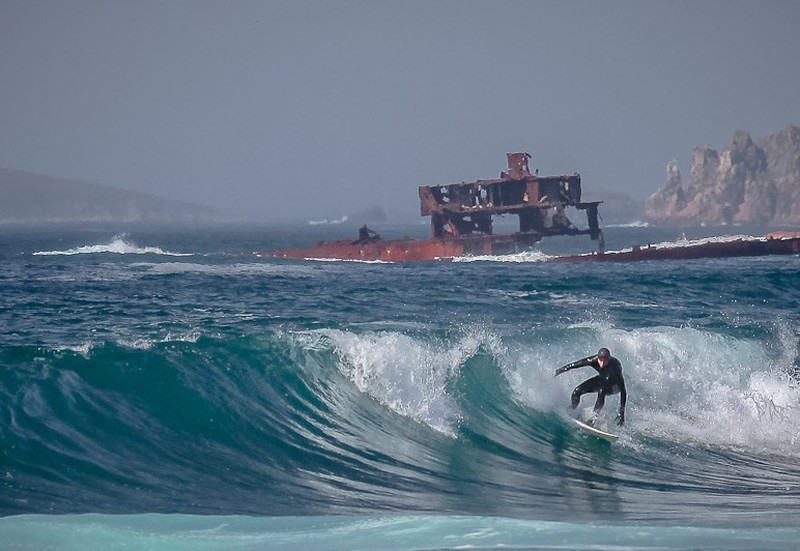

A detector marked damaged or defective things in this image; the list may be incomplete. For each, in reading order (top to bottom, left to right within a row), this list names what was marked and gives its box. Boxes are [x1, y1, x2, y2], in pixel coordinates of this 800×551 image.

rusty metal structure [272, 152, 604, 262]
rusty metal structure [418, 151, 600, 254]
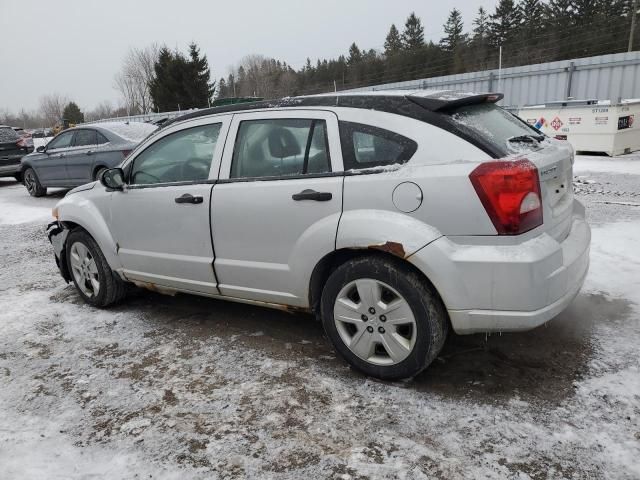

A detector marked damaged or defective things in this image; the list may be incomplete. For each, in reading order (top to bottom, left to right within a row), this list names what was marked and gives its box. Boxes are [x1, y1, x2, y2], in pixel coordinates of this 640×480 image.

rust damage [368, 240, 408, 258]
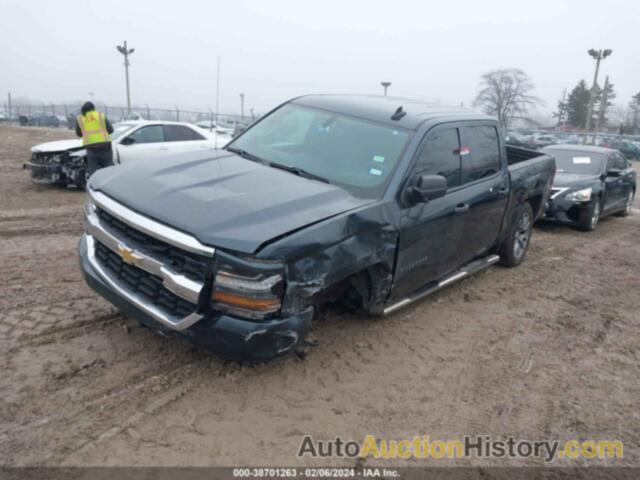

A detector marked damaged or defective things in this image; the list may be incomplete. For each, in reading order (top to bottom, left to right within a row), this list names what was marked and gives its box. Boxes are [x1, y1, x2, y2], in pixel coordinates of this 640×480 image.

broken headlight area [212, 264, 284, 320]
damaged chevrolet silverado [79, 95, 556, 360]
damaged sedan [79, 95, 556, 362]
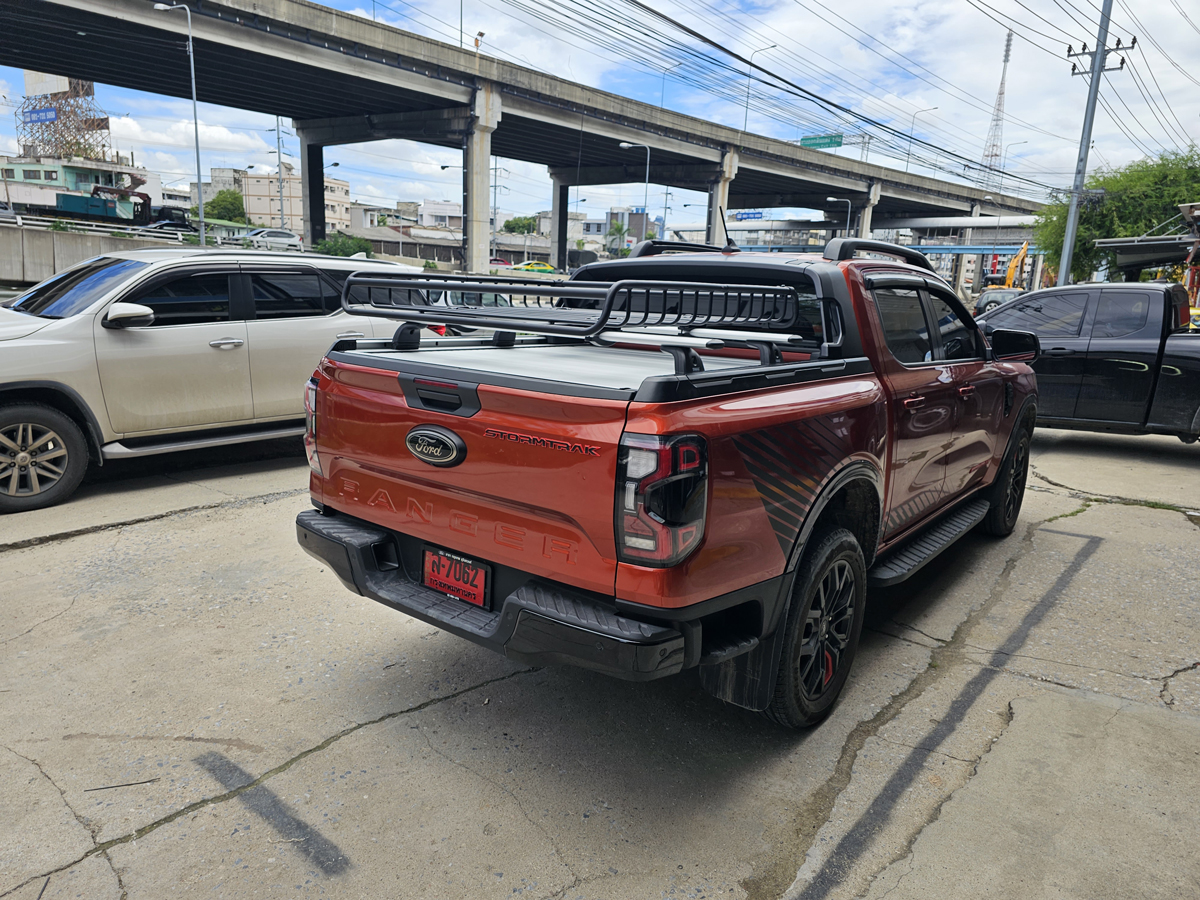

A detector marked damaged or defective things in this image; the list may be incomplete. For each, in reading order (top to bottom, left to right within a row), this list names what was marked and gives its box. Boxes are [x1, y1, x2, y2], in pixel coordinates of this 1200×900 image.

cracked concrete pavement [0, 432, 1195, 900]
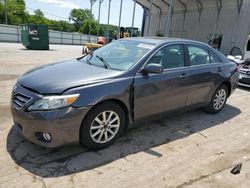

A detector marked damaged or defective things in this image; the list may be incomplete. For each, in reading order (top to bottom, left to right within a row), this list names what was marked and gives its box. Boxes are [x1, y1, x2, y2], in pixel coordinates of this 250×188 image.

damaged vehicle [11, 37, 238, 150]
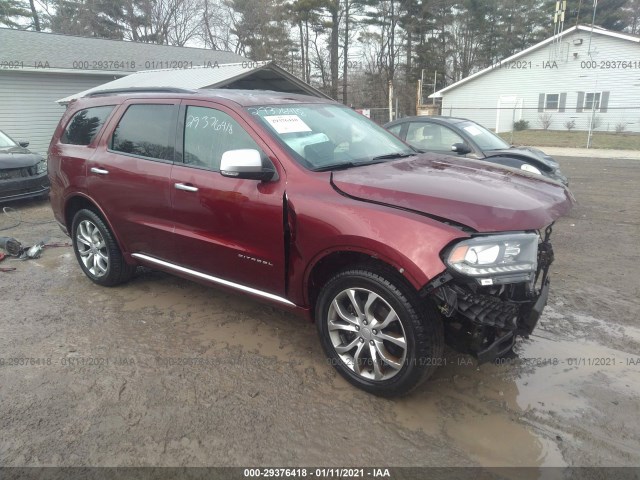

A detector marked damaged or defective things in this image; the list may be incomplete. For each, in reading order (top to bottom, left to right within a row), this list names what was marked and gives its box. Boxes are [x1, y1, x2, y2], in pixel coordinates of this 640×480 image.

crumpled hood [0, 151, 42, 172]
crumpled hood [330, 154, 576, 232]
crumpled hood [488, 146, 556, 171]
front wheel well damage [304, 251, 416, 318]
damaged front end [422, 225, 552, 364]
exposed headlight [444, 233, 540, 284]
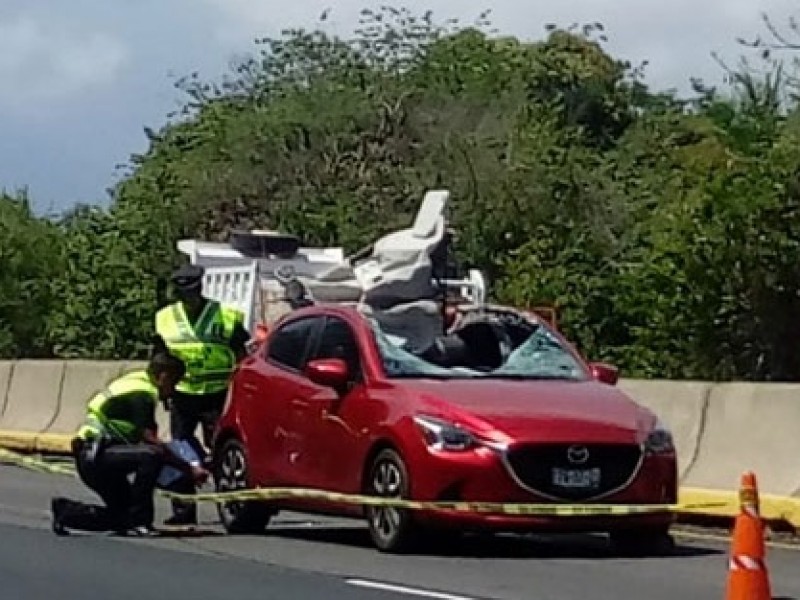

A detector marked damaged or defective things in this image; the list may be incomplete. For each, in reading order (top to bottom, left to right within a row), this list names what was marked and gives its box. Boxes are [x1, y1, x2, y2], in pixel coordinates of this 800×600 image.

shattered windshield [368, 314, 588, 380]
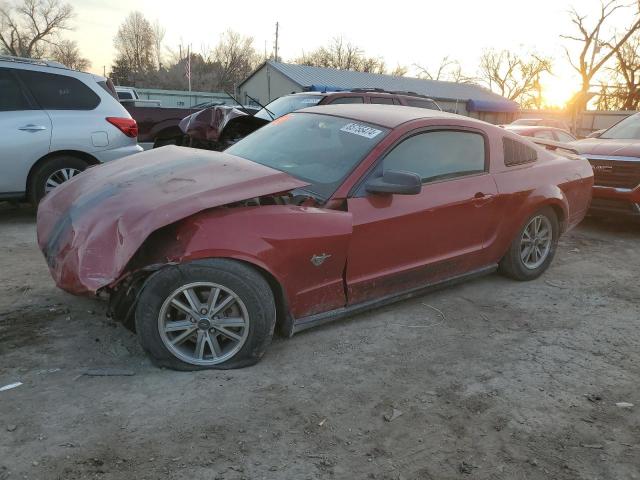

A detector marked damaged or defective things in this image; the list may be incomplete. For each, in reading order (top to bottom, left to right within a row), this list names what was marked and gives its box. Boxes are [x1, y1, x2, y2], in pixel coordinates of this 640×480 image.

crumpled hood [178, 105, 268, 142]
wrecked vehicle [178, 88, 442, 151]
crumpled hood [572, 137, 640, 158]
wrecked vehicle [572, 111, 640, 218]
crumpled hood [36, 144, 308, 294]
damaged red mustang [37, 104, 592, 368]
wrecked vehicle [37, 104, 592, 368]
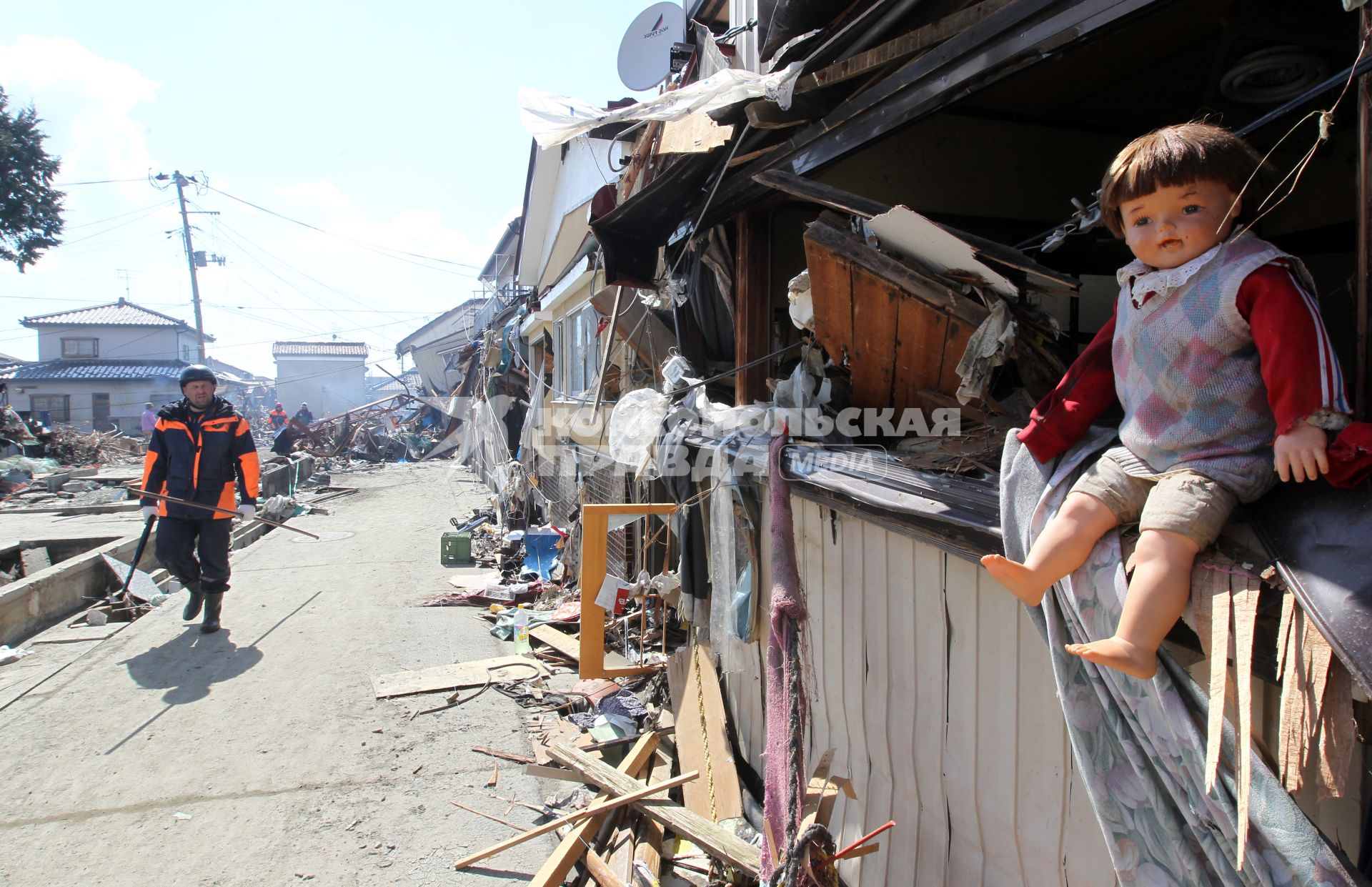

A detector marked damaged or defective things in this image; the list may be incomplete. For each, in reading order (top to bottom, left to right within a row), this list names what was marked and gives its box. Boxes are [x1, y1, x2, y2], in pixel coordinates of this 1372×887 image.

torn tarp [521, 64, 801, 147]
damaged house [449, 3, 1372, 884]
broken wooden beam [452, 768, 697, 873]
broken wooden beam [546, 741, 762, 878]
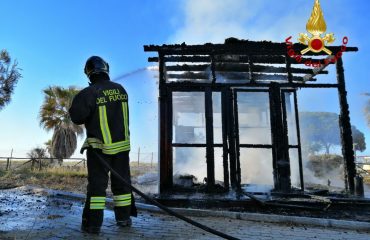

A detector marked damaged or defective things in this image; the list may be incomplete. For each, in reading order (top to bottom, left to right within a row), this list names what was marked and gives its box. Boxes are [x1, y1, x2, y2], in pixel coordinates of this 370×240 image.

burnt support post [157, 53, 173, 193]
charred wooden structure [145, 38, 358, 195]
burned kiosk [145, 38, 358, 197]
burnt support post [268, 83, 292, 192]
burnt support post [336, 58, 356, 195]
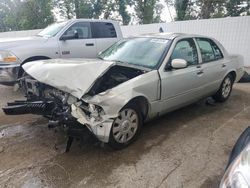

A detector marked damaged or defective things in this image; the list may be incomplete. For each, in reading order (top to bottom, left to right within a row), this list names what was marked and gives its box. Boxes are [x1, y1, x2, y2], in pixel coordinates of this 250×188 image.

----

> INSTRUCTIONS TO FOLLOW: Copy the lines from the line that contains "this 1372×887 image." through the end of the records, exactly and with nothing added; leave the pictures out.

> SOLUTION TO THIS TASK:
A detector marked damaged or defective things in this image; the list may be incomplete. For each, in reading order (top to bottom, left to right within a row), this list names what was marked and gives its box. Boxes are [x1, y1, x2, y2], in pixel coordinates of this 1372×887 image.

torn tarp [521, 64, 801, 147]
damaged house [449, 3, 1372, 884]
broken wooden beam [452, 768, 697, 873]
broken wooden beam [546, 741, 762, 878]

A detector marked damaged or defective things in this image; the list may be incomplete. For each, in reading order (top to bottom, left to right within a row), this list names what was marked and gives its box. Boxes are [x1, y1, x2, y2], in pixel coordinates of this 370×240 image.

burnt support post [157, 53, 173, 193]
charred wooden structure [145, 38, 358, 195]
burned kiosk [145, 38, 358, 197]
burnt support post [268, 83, 292, 192]
burnt support post [336, 58, 356, 195]

A detector marked damaged or defective things in this image; the list may be incomplete. For each, in reading order (top to bottom, left to right within a row), this list names what was marked and gives its box. Boxes are [x1, y1, x2, y2], in pixel coordinates of this 250×188 image.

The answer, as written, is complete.